Humor Untuk Mencapai Tujuan Sosial
Memang betul kalau menyebut orang-orang Timur tertinggal dalam hal pendidikan. Bangunan sekolah mereka, apalagi di pelosok, tidak memadai. Tetapi salah besar jika ada anggapan kalau mereka kurang cerdas. Sekolah adalah tentang pengetahuan, dan kecerdasan adalah sesuatu yang melampaui dua hal tersebut.
Mendapati selera humor mereka yang melimpah maka kita bisa memaknai kecerdasan yang mereka miliki. Humor sering identik dengan kecerdasan emosi yang mana jika kita cerdas secara emosi maka hidup kita selalu lebih baik. Kecerdasan bawaan yang mereka miliki ini bisa jadi terbentuk sebagai adaptasi terhadap dunia mereka yang kita anggap keras.
Alasan kenapa mereka sangat menyukai tertawa, berseloroh dan bercanda tidak lain merupakan sebuah semangat hidup yang tidak dimiliki semua orang. Humor yang mereka miliki datang bahkan di saat kehidupan mereka sedang sulit-sulitnya. Seakan-akan Tuhan menitipkan mereka di lahan yang gersang lalu melengkapi mereka dengan penawarnya.

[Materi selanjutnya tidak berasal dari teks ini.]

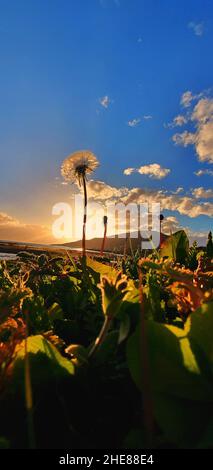 Low-Angle-Aufnahme einer Dandelionenblume in einem Grasfeld in der Natur bei Sonnenuntergang Stockfoto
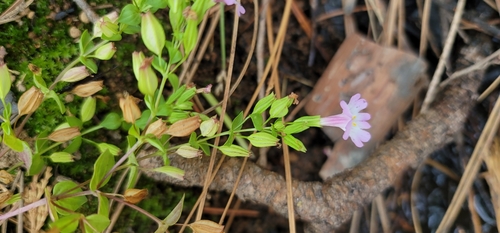 Image of Kings River Monkeyflower (Erythranthe acutidens) by (c) Chris Winchell, some rights reserved (CC BY)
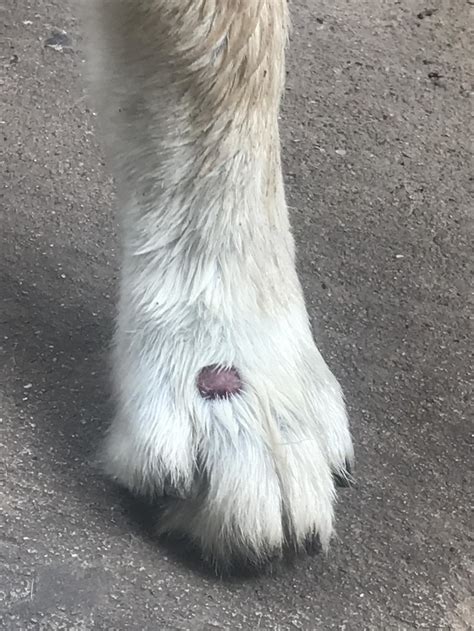 My Dog Has A Red Bump Growing On The Back Of His Paw Hes An Outdoor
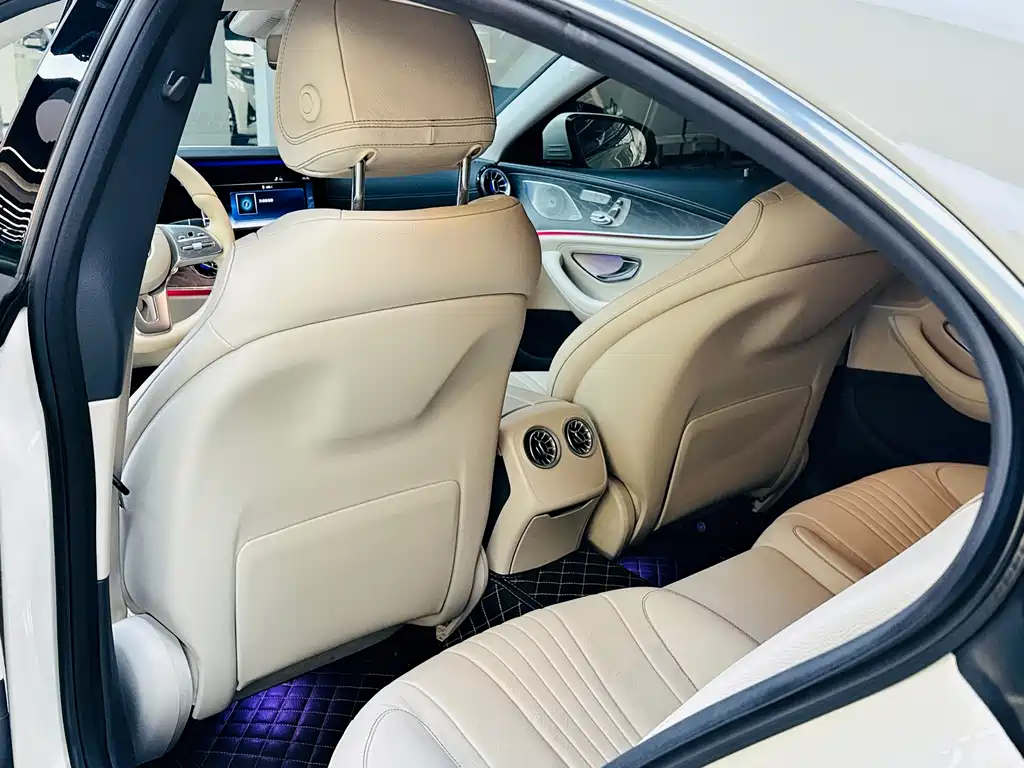 Mercedes-Benz Mercedes-Benz CLS 2018 CLS 300 Luxury 2019 - thumbnail 7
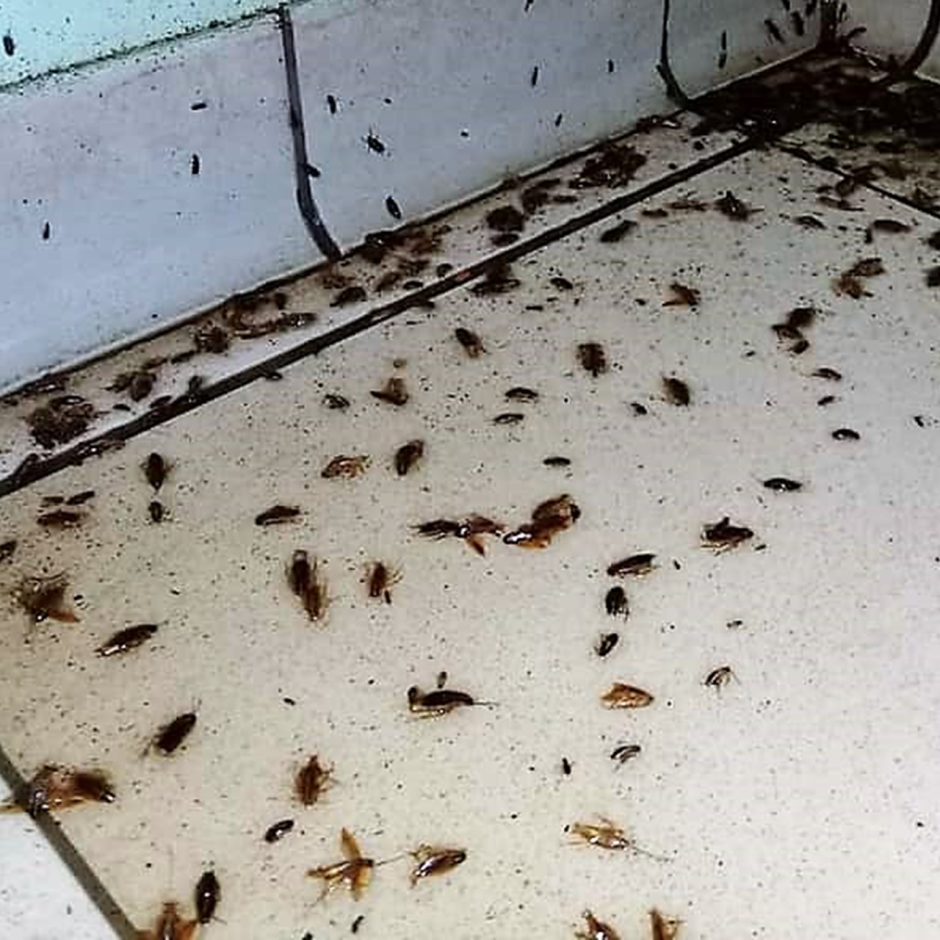 Тараканы в квартире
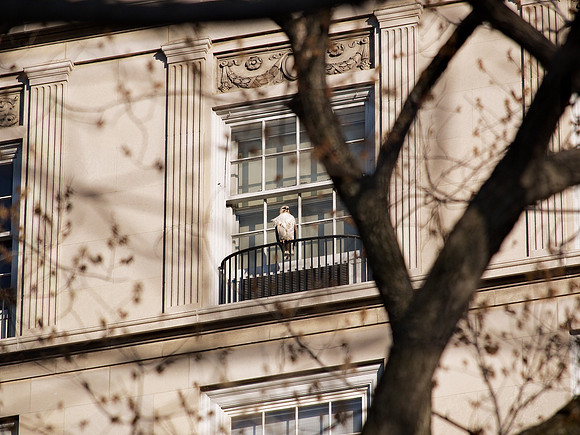 Red-Tailed Hawk, Fifth Avenue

Pada akhirnya, kita harus mengakui kalau humor sudah menjadi hal langka di kota-kota. Tidak seperti di Timur, di Jakarta kita tidak akan menemukannya di stasiun-stasiun kereta, di tempat-tempat parkir atau di halte-halte bus. Hanya di segelintir tempat dan dalam pergaulan yang ekslusif. Bahkan jika pun kita menemukan di saluran televisi, humor mereka kerap garing dan bikin sakit hati.

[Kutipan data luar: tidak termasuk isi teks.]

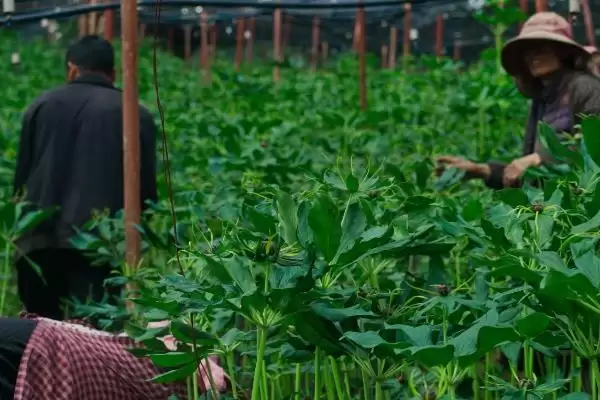 图片[5]-种植一亩重楼的成本和要点？种植重楼成本核算需关注哪些？-会东网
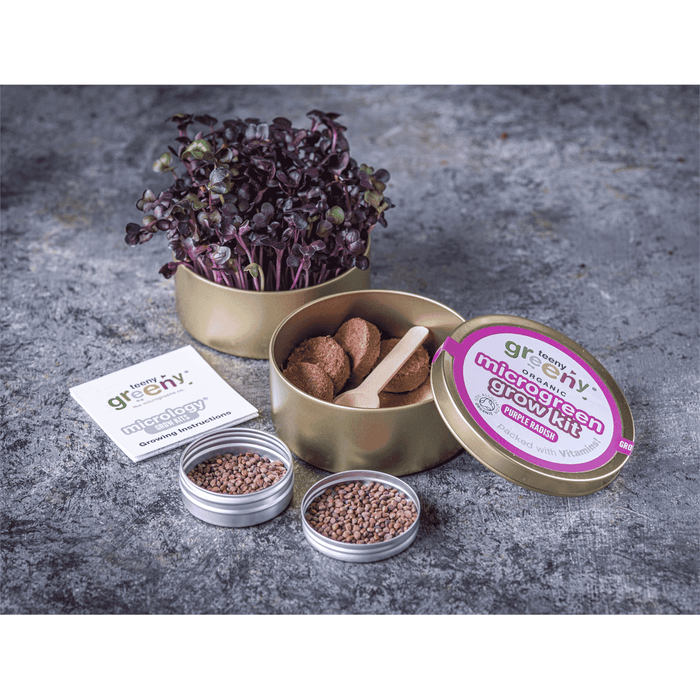 Teeny Greeny Organic Microgreen Grow Kit (Purple Radish)
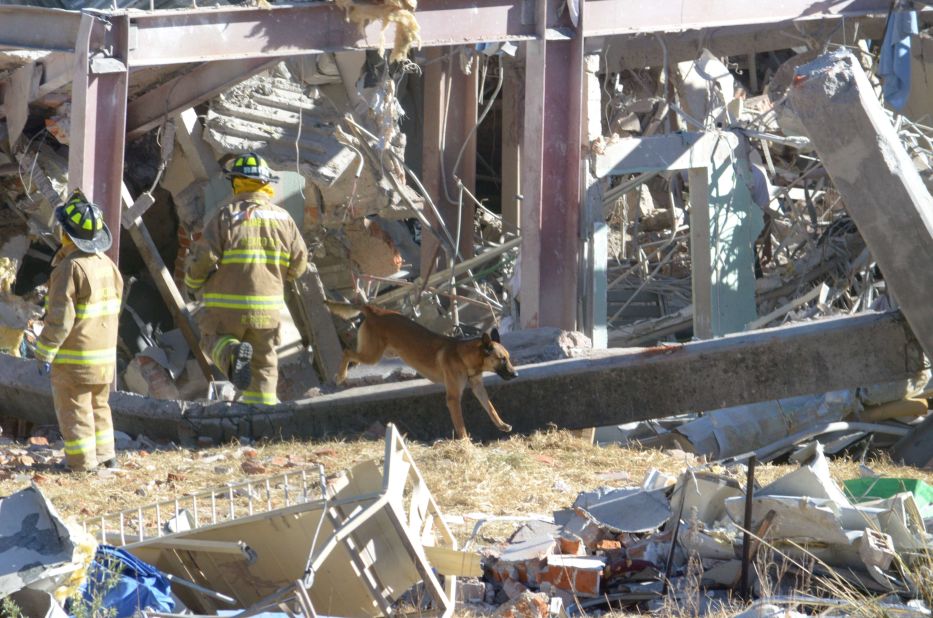 Rescuers and their dogs search the wreckage. There are fears that people might be trapped in the debris.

Jauh di Timur, di negeri yang tertinggal, mereka tetap menjadi manusia yang menguasai teknik menghadapi hidup. Kemampuan mereka memahami humor, menghargai humor, membuat humor, menggunakan humor untuk meredakan ketegangan, dan menggunakan humor untuk mencapai tujuan sosial patut diberi salut. Jika suatu hari kita ke sana dan hendak membantu mereka, maka jangan mengajari mereka cara menghadapi kesusahan. Yang bisa kita lakukan adalah mengajari mereka tentang kemajuan dan pengetahuan, karena dua hal itu yang kurang dari mereka.